### WHAT TO WORK ON
Skip any image you find and restate the rest of the data word for word.

### RECORDS SUPPLIED
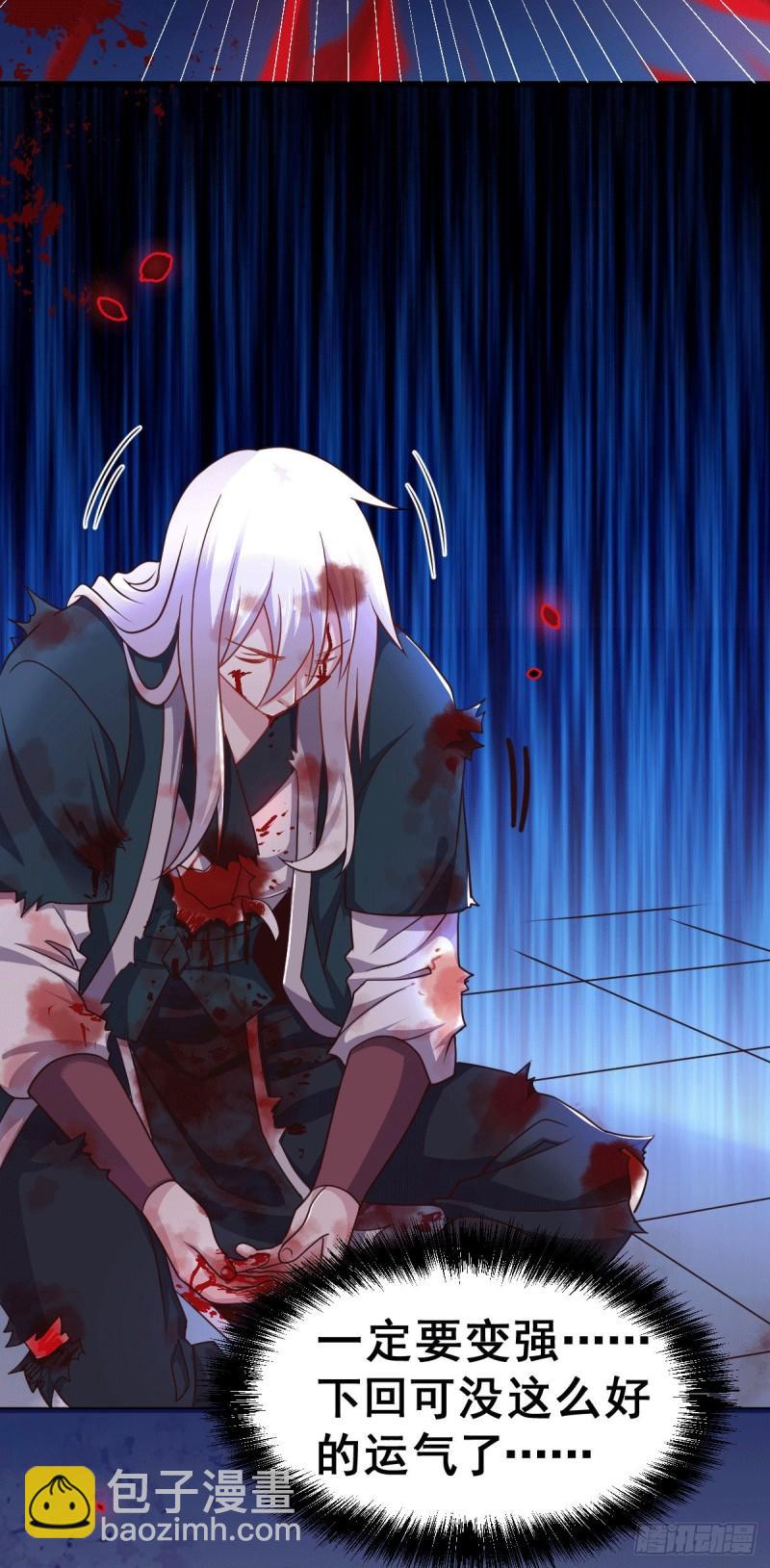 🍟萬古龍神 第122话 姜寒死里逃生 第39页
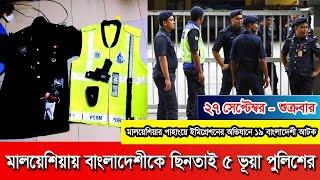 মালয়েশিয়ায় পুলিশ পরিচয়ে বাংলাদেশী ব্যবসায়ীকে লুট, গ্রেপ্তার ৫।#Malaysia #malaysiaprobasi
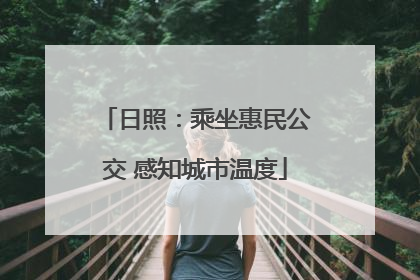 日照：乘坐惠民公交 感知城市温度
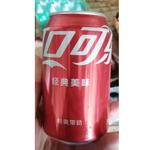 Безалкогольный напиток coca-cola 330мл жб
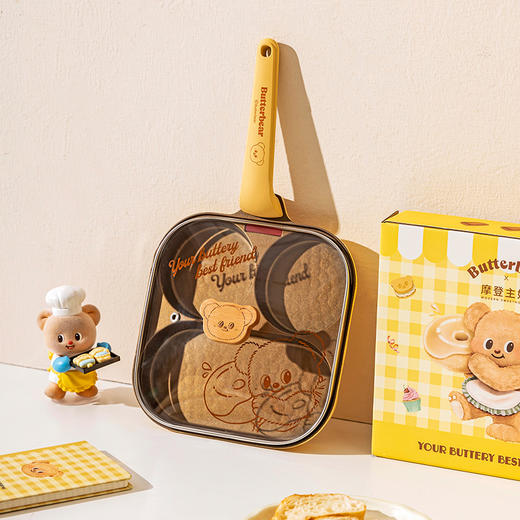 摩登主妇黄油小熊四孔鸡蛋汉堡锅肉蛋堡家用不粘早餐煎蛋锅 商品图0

### TASK SOLUTION
 🍟萬古龍神 第122话 姜寒死里逃生 第39页
 মালয়েশিয়ায় পুলিশ পরিচয়ে বাংলাদেশী ব্যবসায়ীকে লুট, গ্রেপ্তার ৫।#Malaysia #malaysiaprobasi
 日照：乘坐惠民公交 感知城市温度
 Безалкогольный напиток coca-cola 330мл жб
 摩登主妇黄油小熊四孔鸡蛋汉堡锅肉蛋堡家用不粘早餐煎蛋锅 商品图0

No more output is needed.